• **WORK REQUIRED**: Repeat the records exactly, with one exception: no images.
******************************
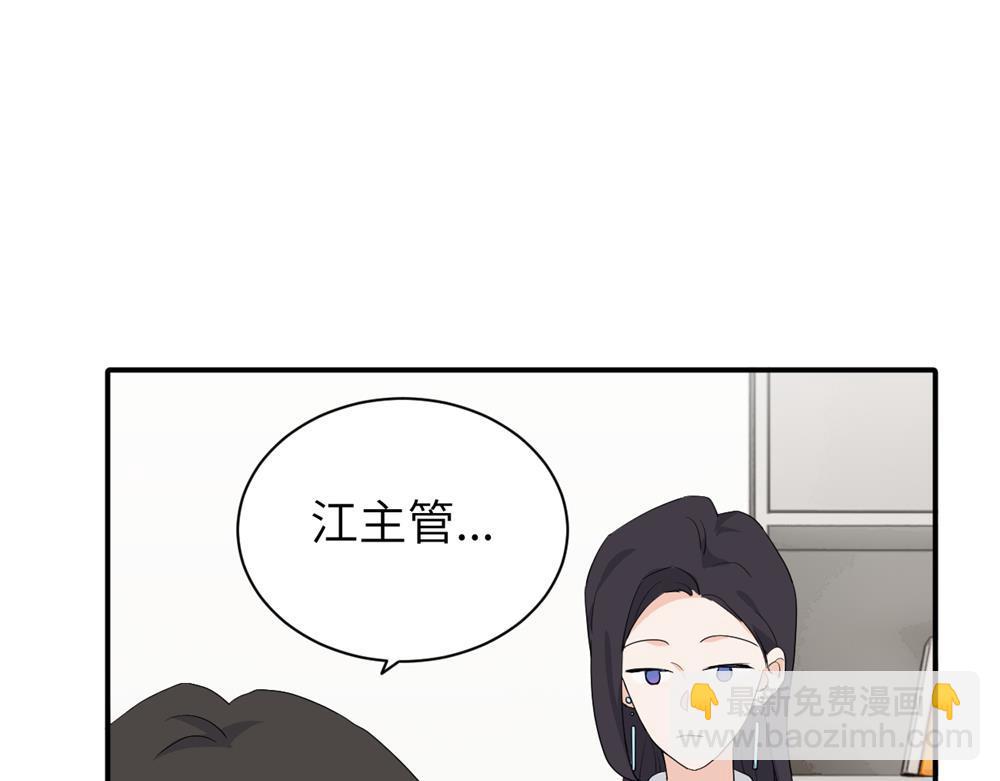 第二十一话 有意见吗(1/2)-第21话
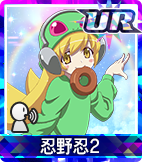 忍野忍2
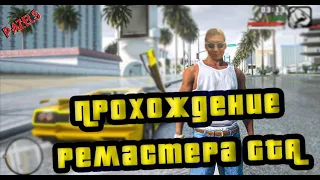 GTA Trilogy Remastered | GTA San Andreas Remastered прохождение #1 |  Сан Андреас 2021 | PazelS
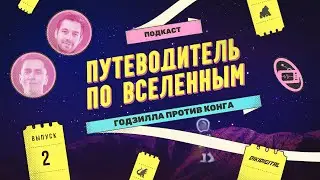 Подкаст | Путеводитель по вселенным | Годзилла против Конга | 0+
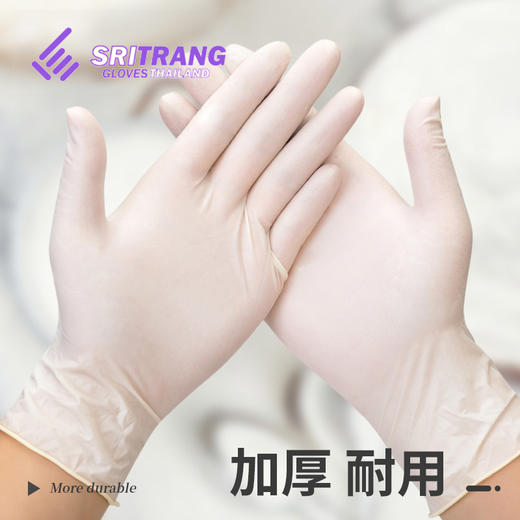 【限时特惠价，1盒仅需25.9元 2盒50元 包邮】 医用级乳胶手套 50副/盒 商品图2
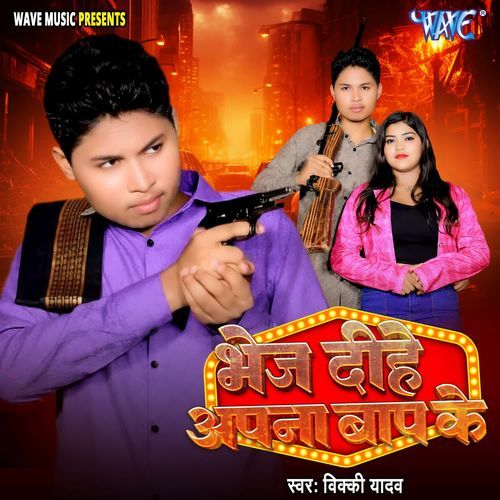 Bhej Dihe Apna Baap Ke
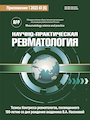 Титульный лист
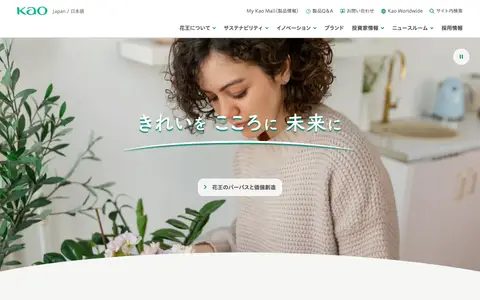 Kao Corporation screenshot
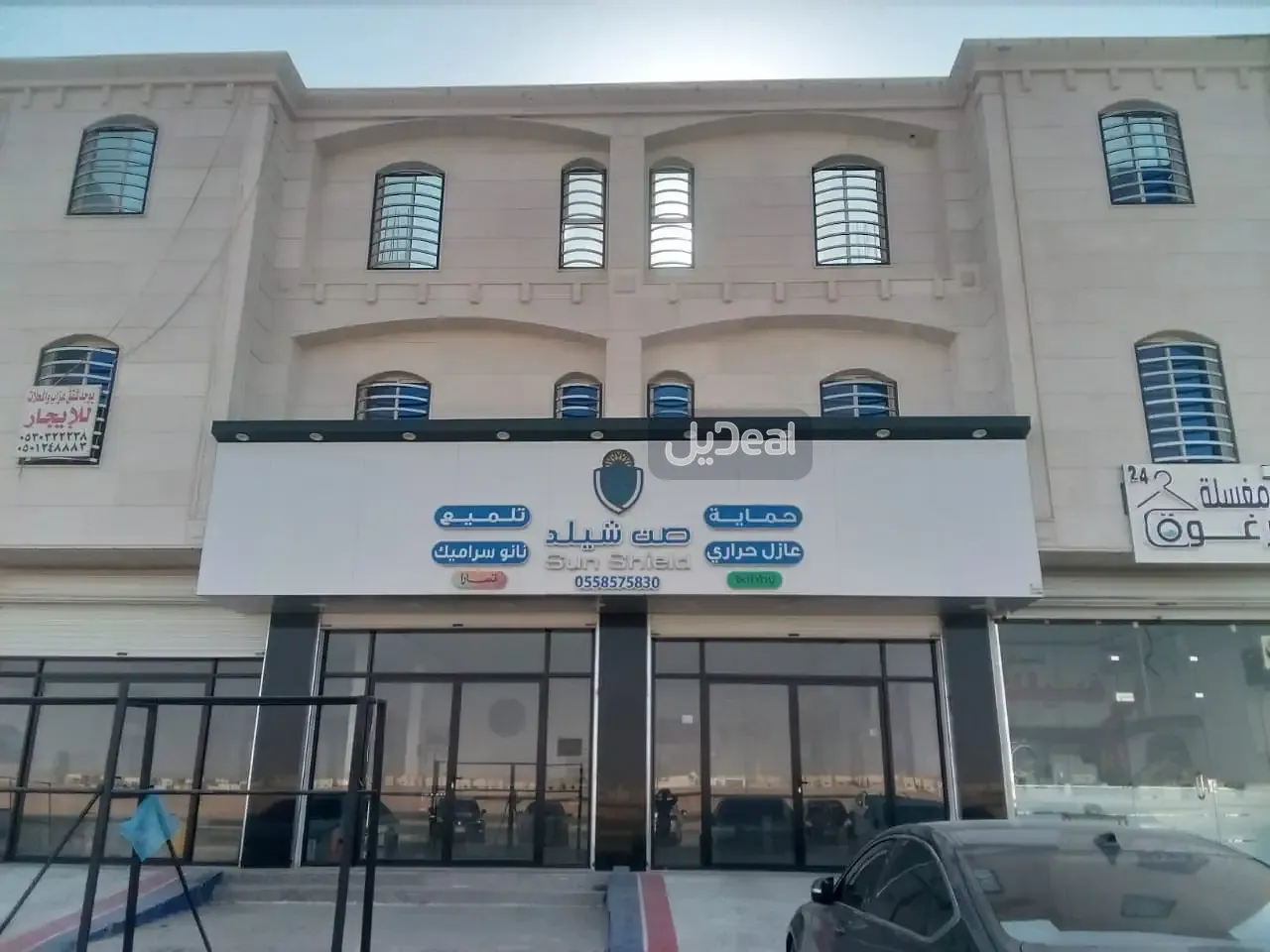 شقة للإيجار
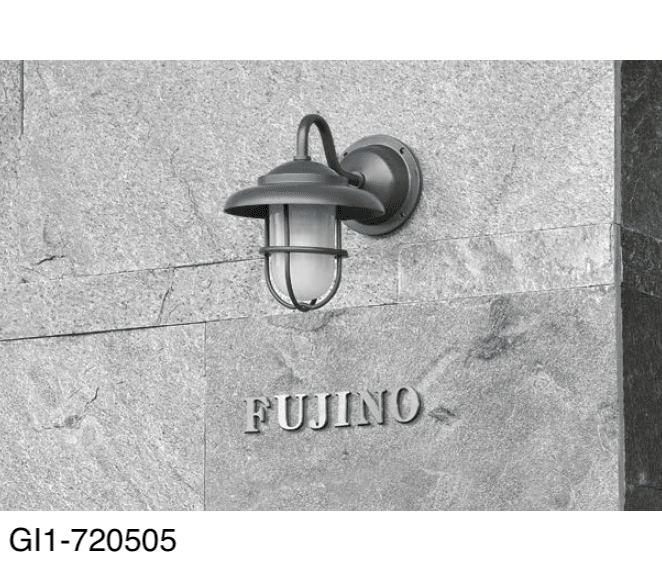 オンリーワンクラブの「真鍮製照明 グレーシリーズ」のサブ画像7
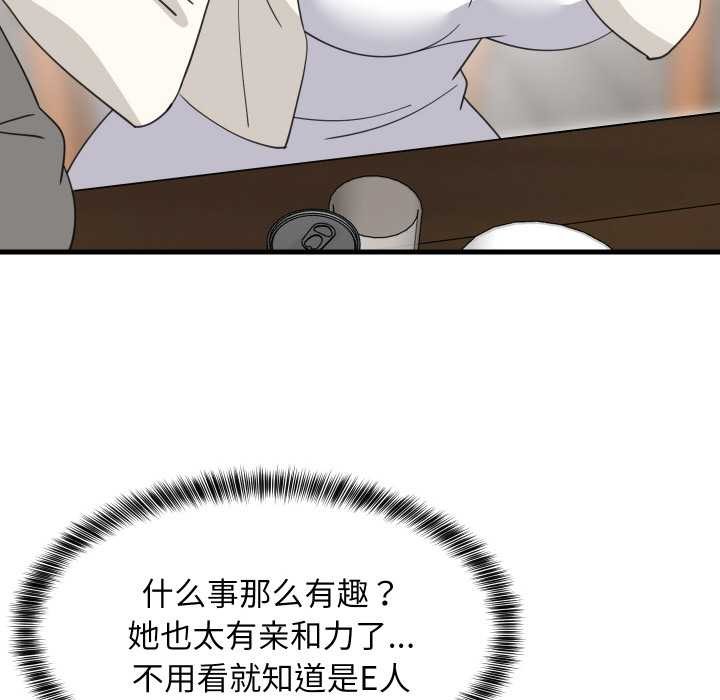 难缠姐妹偏要和我同居 - 第74話 - page 16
******************************
• **TASK SOLUTION**:
 第二十一话 有意见吗(1/2)-第21话
 忍野忍2
 GTA Trilogy Remastered | GTA San Andreas Remastered прохождение #1 |  Сан Андреас 2021 | PazelS
 Подкаст | Путеводитель по вселенным | Годзилла против Конга | 0+
 【限时特惠价，1盒仅需25.9元 2盒50元 包邮】 医用级乳胶手套 50副/盒 商品图2
 Bhej Dihe Apna Baap Ke
 Титульный лист
 Kao Corporation screenshot
 شقة للإيجار
 オンリーワンクラブの「真鍮製照明 グレーシリーズ」のサブ画像7
 难缠姐妹偏要和我同居 - 第74話 - page 16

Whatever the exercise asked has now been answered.